We need a certificate for SSL/TLS authentication, so in the example above, we use the lighttpd cert. That way when the cert is renewed/replaced, Dovecot will have access to the new cert as well.
Create the /etc/dovecot/dovecot-sql.conf file:
driver = pgsql connect = host=localhost dbname=postfix user=postfix password=******** password_query = select username,password from mailbox where local_part = '%n' and domain = '%d' default_pass_scheme = MD5-CRYPT
Again, change the password above to your postfix user password, and protect the file from prying eyes:
chown root:root /etc/dovecot/dovecot-sql.conf chmod 600 /etc/dovecot/dovecot-sql.conf
Start dovecot
/etc/init.d/dovecot start rc-update add dovecot
Testing
Make sure your firewall allows in ports 25(SMTP) 110 (POP3), 995 (POP3S), 143(IMAP), 993(IMAPS), or whatever subset you support.
At this point, you should be able to:
* Create a new domain and add users with PostfixAdmin * Send mail to those users via SMTP to port 25 * Retrieve mail using the user's full email and password (e.g. username: user@example.com password: ChangeMe)
Value Add Features
If you followed the guide above, you now have a functional mail server with many interconnected parts.
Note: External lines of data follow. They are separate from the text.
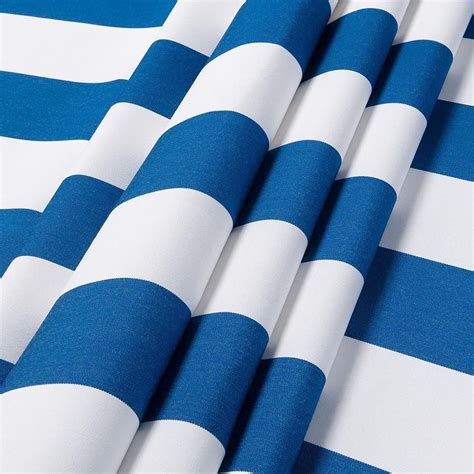 A White And Cobalt Blue Wide Striped Outdoor Fabric From The Sunbrella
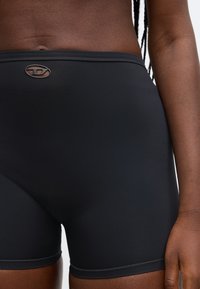 Čierne atletické šortky s hladkou textúrou, s logom na páse, navrhnuté pre pohodlie a pohyblivosť.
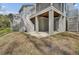 Exterior view of home with elevated structure, stairs, and a large yard at 1821 Mead Ln, Johns Island, SC 29455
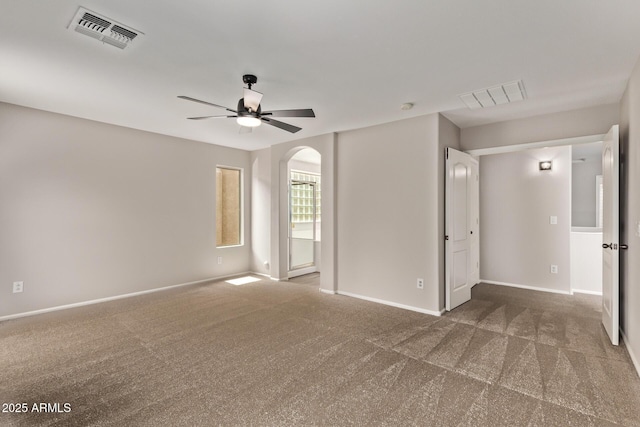 2438 W Via Dona Rd, Phoenix, AZ 85085 - empty room with arched walkways, a ceiling fan, carpet, and baseboards
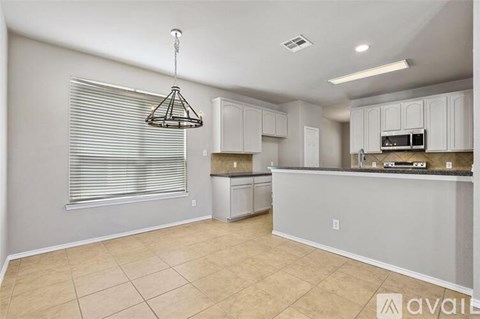 A kitchen with white cabinets and a countertop.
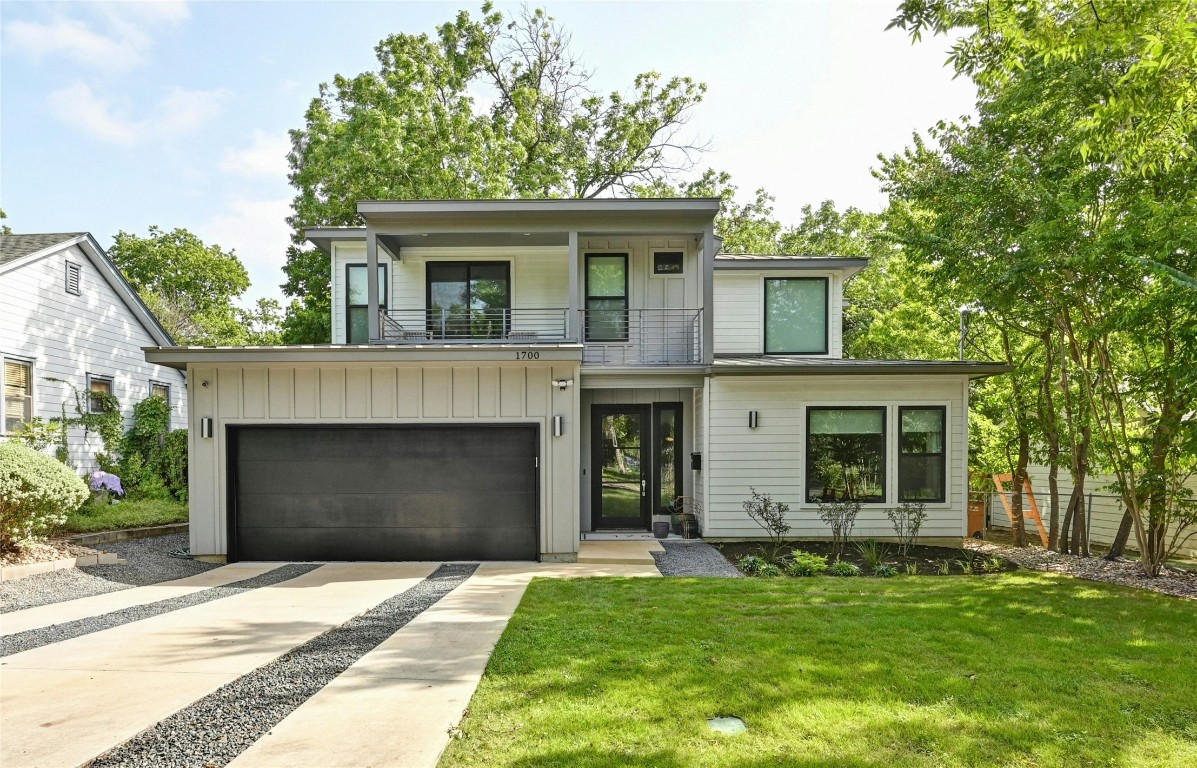 a front view of a house with a garden and trees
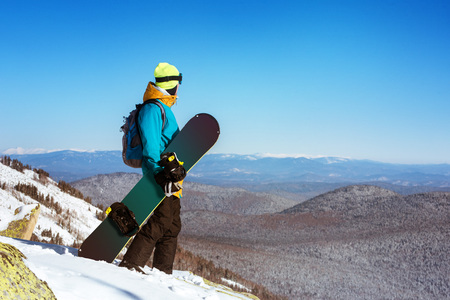 Snowboarder stands on the big rock keeps snowboard and looking far away. Sheregesh resort, Siberia, Russiaの写真素材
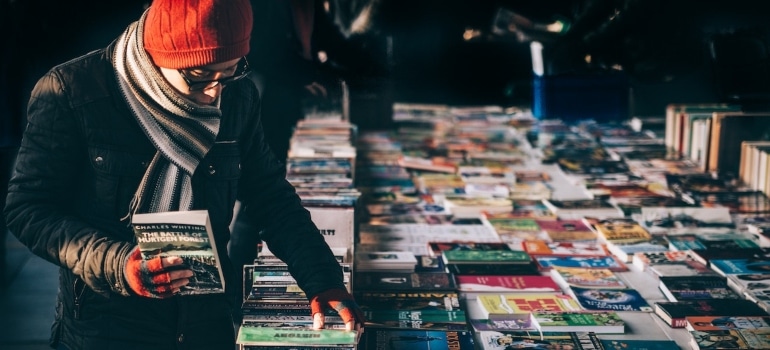 a man browsing through a variety of books on a pile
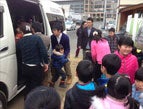 Children unload from their new bus that can now take them on field trips a safe distance away.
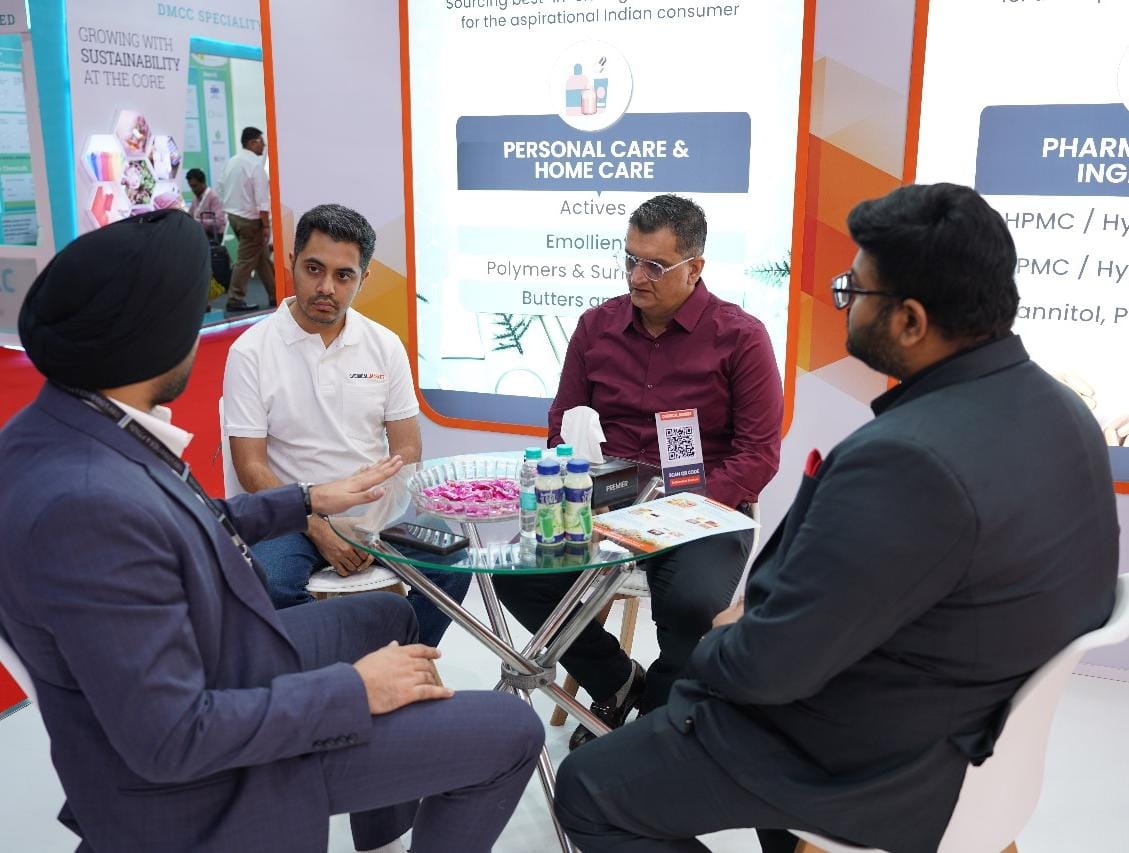 Industry professionals networking at Chemical Market exhibition booth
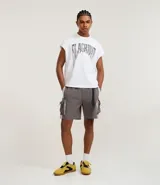 Bermuda de poliéster color gris oscuro, estilo baggy, con cintura elástica y cinturón ajustable negro. Presenta bolsillos cargo laterales con recortes en color claro y detalles de tiras negras.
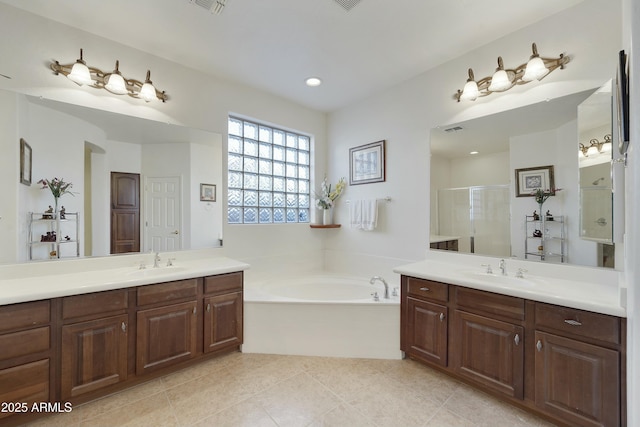 bathroom featuring tile patterned flooring, plus walk in shower, and vanity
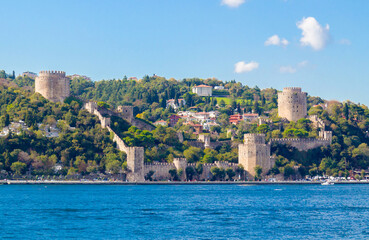 Fototapeta na wymiar View from the Bosphorus Strait to Rumelihisarı (also known as Rumelian Castle and Roumeli Hissar Castle) in Istanbul, Turkey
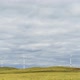 Blades of a Large Wind Turbine in a Field Against a Background of Cloudy Blue Sky on the Horizon - VideoHive Item for Sale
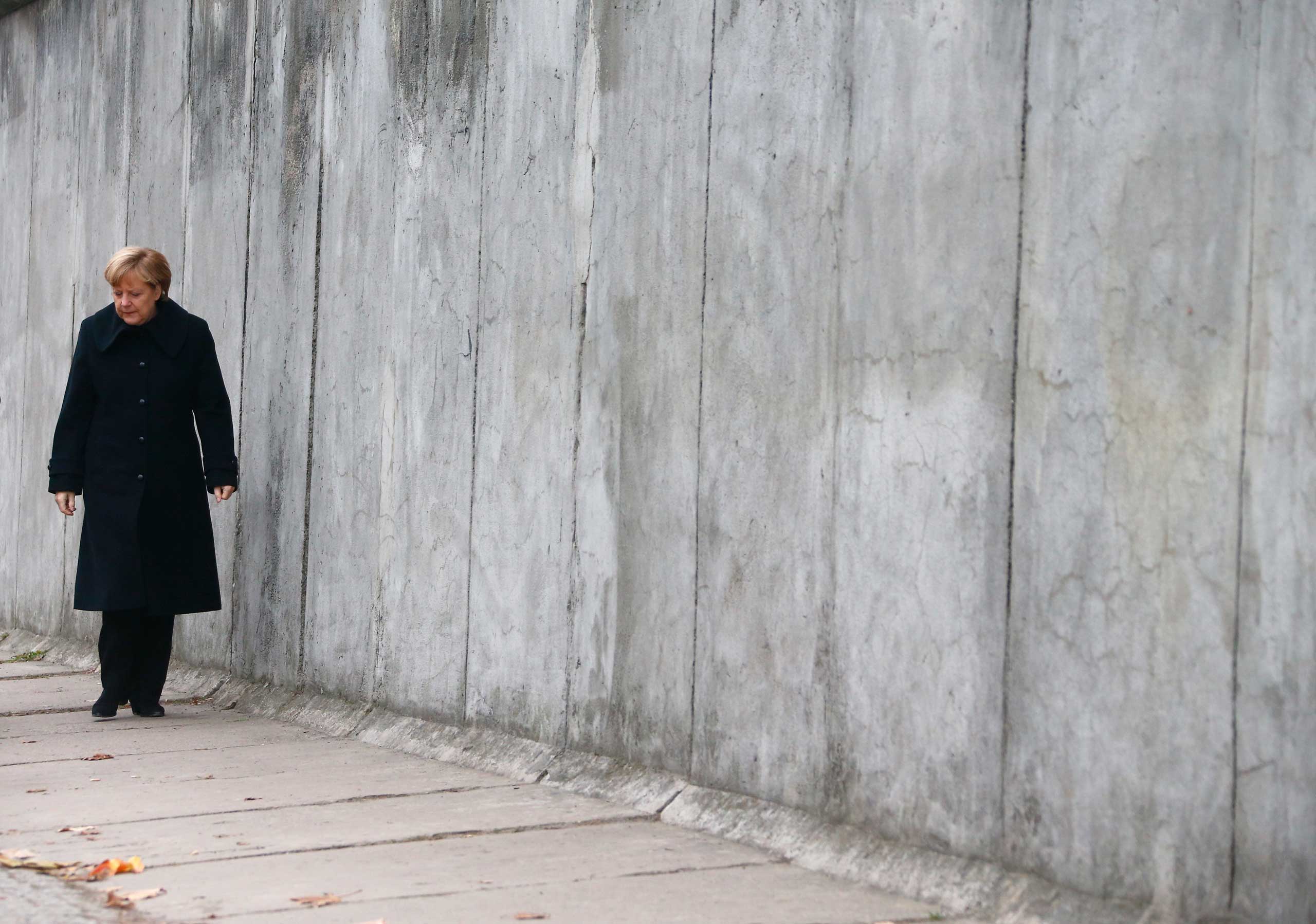 German Chancellor Merkel walks along former Berlin Wall during ceremony marking 25th anniversary of fall of the Wall in Berlin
The features below assume that the server is already running as described above. You should be able to add any or all of these features below to further enhance the mail service.
Virus Scanning
This procedure uses clamav and the postfix content_filter mechanism to scan inbound and outbound email for viruses. Infected emails are dropped. Clean emails are tagged with a "scanned by clamav" header.
- Install clamav and clamsmtp:
apk add acf-clamav clamsmtp
- Edit the /etc/clamav/clamd.conf file if desired (not necessary in most cases)
- Edit /etc/clamsmtpd.conf and verify the following lines
OutAddress: 10026 Listen: 127.0.0.1:10025 Header: X-Virus-Scanned: ClamAV using ClamSMTP Action: drop User: clamav
- Start the daemons
rc-update add clamd rc-update add clamsmtpd /etc/init.d/clamd start /etc/init.d/clamsmtpd start
- Verify clamsmtp is listening on port 10025:
netstat -anp | grep clamsmtp
- Following the clamsmtp instructions
- edit /etc/postfix/main.cf and add:
content_filter = scan:[127.0.0.1]:10025
- edit /etc/postfix/master.cf and add
# AV scan filter (used by content_filter) scan unix - - n - 16 smtp -o smtp_send_xforward_command=yes -o smtp_enforce_tls=no # For injecting mail back into postfix from the filter 127.0.0.1:10026 inet n - n - 16 smtpd -o content_filter= -o receive_override_options=no_unknown_recipient_checks,no_header_body_checks -o smtpd_helo_restrictions= -o smtpd_client_restrictions= -o smtpd_sender_restrictions= -o smtpd_recipient_restrictions=permit_mynetworks,reject -o mynetworks_style=host -o smtpd_authorized_xforward_hosts=127.0.0.0/8
- postfix reload
- Send and email into a local virtual domain - it should have the X-Virus-Scanned: ClamAV using ClamSMTP header.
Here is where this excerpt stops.